260825 Using multiple imputation to enhance the utility of the SEER Summary Stage

Wednesday, October 31, 2012 : 1:10 PM - 1:30 PM

Bin Huang, DrPH MS , Markey Cancer Center, University of Kentucky, Lexington, KY
Brent Shelton, PhD , Markey Cancer Center, University of Kentucky, Lexington, KY
Thomas Tucker, PhD , Markey Cancer Center, University of Kentucky, Lexington, KY
Missing data is a frequent problem in most large medical data sets. Staging of cancer is one of most important variables collected in the SEER data. Ignoring the issue of unknown stage may introduce biases to data analysis. Multiple Imputation (MI) has become an important and influential approach in the statistical analysis of missing data in recent years. This study will utilize several variations of MI via multiple statistical packages to impute SEER Summary Stage (SS) for breast and liver cancer and examine whether using MI will generate disparate results when compared to conventional methods. Performances of several software packages will be compared under the varying MI scenarios. The study population will include breast and liver cancer cases in the 1995-2008 SEER 17 registry data. Cases less than 20 years old at time of cancer diagnosis will be excluded. Three SEER SS variables (SEER SS 1977, SEER SS 2000 and CS SEER SS 2000) will be examined. Simulations will be performed for the sub-dataset which will only include the cases without missing values while assuming various missing data mechanisms.
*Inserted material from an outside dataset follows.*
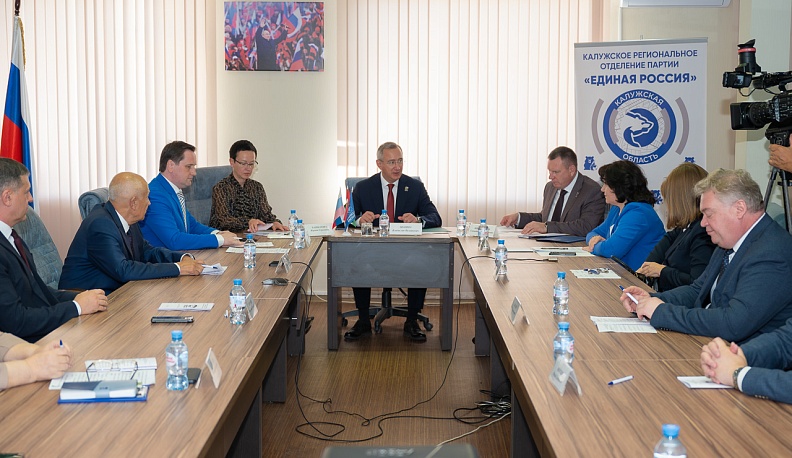 Владислав Шапша поделился итогами президиума политсовета регионального отделения «Единой России»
Estimates involving the SEER SS variables will be examined in the context of using them as either covariates or dependent variables in statistical modeling. The results of this study will provide further insight into whether MI has utility (compared to standard approaches) when analyzing SEER data with unknown stage as well as whether the performances of MI procedures in several statistical packages are comparable in various statistical models.

Learning Areas:
Public health or related research

Learning Objectives:
Evaluate whether using multiple imputation techniques will generate disparate results in analyzing SEER data with unknown stage when compared to use the common statistical method. Compare multiple imputation procedures implemented in several statistical software packages

Keywords: Statistics, Data/Surveillance

Presenting author's disclosure statement:

Qualified on the content I am responsible for because: I am an Assistant Professor of the Divison of Cancer Biostatistics and the Markey Cancer Center, University of Kentucky. I am also the Director of Population-based Cancer Research at Kentucky Cancer Registry. I have been the principal or co-principal of multiple federal funded grant focusing on the population-based cancer research. My primary research interests are missing data analysis and cancer disparities.
Any relevant financial relationships? No

I agree to comply with the American Public Health Association Conflict of Interest and Commercial Support Guidelines, and to disclose to the participants any off-label or experimental uses of a commercial product or service discussed in my presentation.